◆ **Data shown**:
⟨
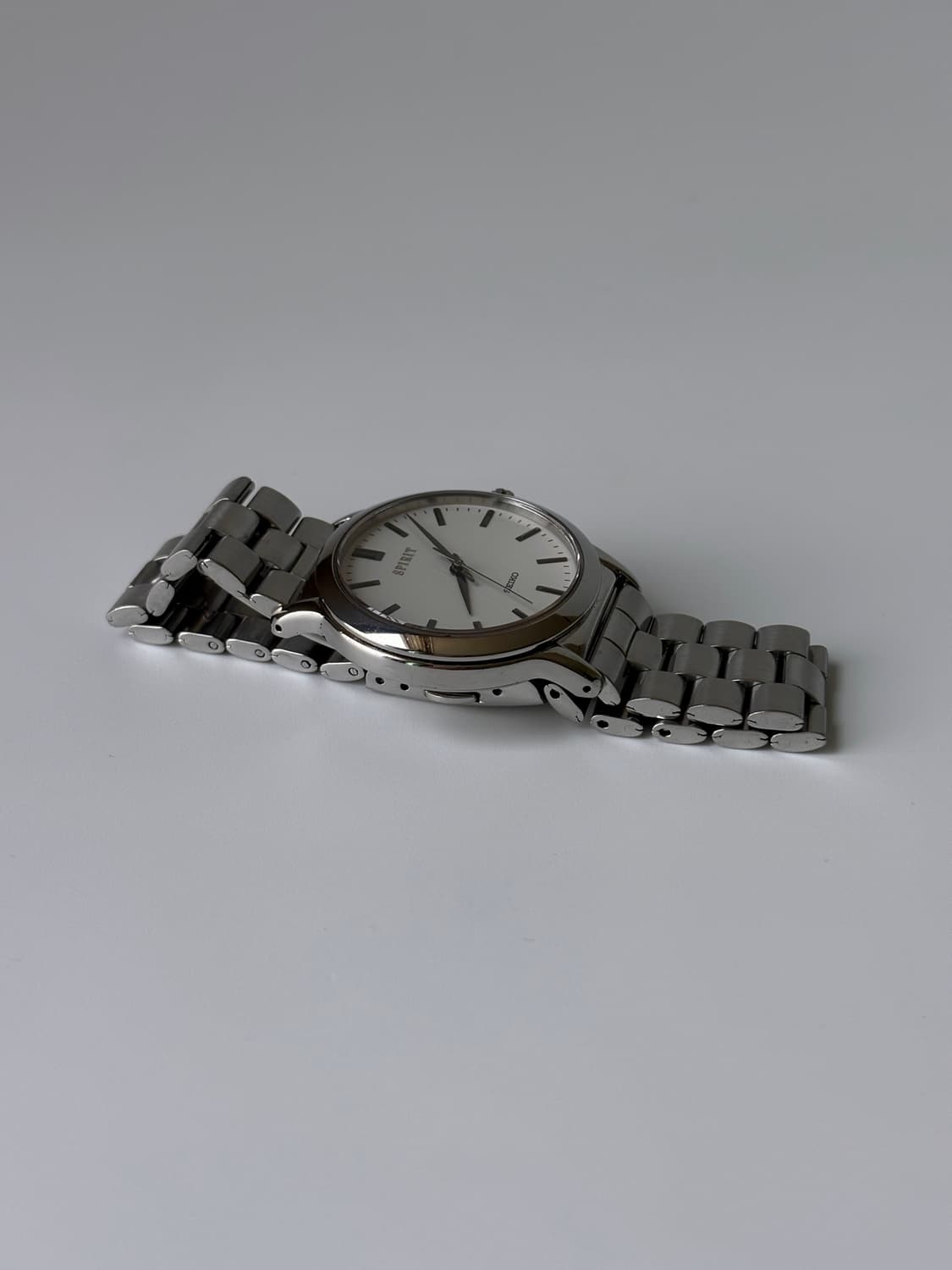 1990s Spirit Silver Quartz 상품이미지5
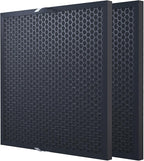 Waykar Activated Carbon Filter Replacement – Reduces Odors, Smoke – Compatible by Waykar
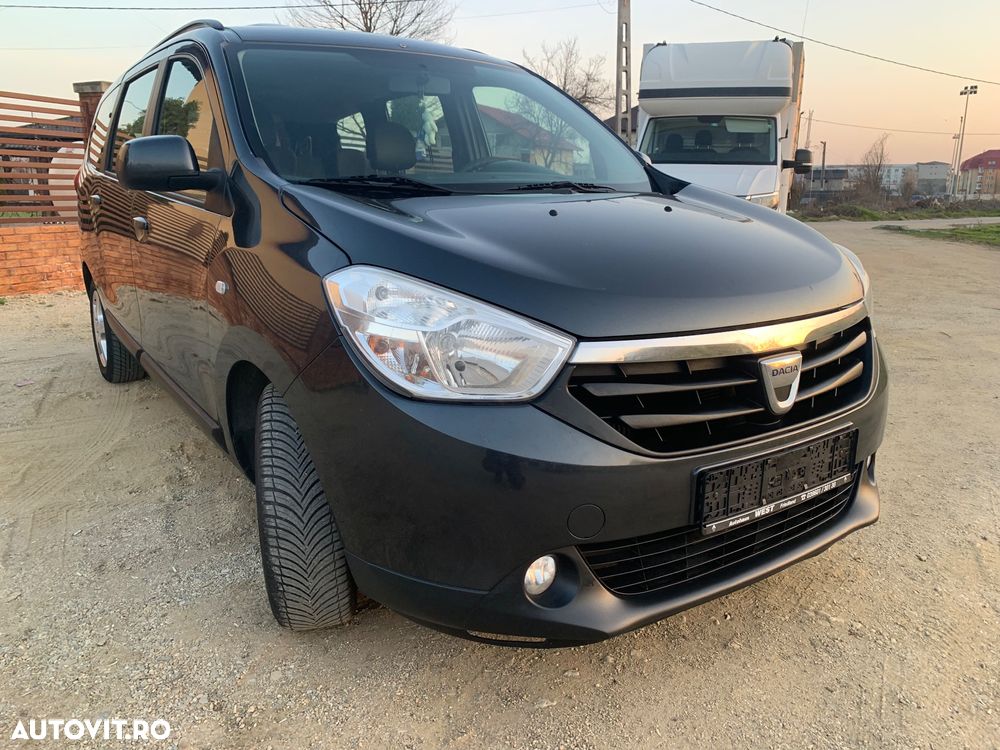 Dacia Lodgy 1.5 dCi Laureate - 9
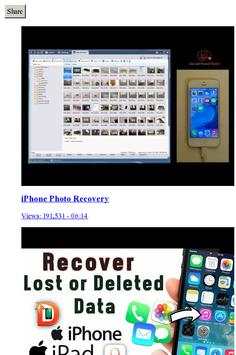 Photo Recovery screenshot 4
⟩
◆ **The task**:
Return the material exactly as given above, picture-free.

◆ **Written solution**:
 1990s Spirit Silver Quartz 상품이미지5
 Waykar Activated Carbon Filter Replacement – Reduces Odors, Smoke – Compatible by Waykar
 Dacia Lodgy 1.5 dCi Laureate - 9
 Photo Recovery screenshot 4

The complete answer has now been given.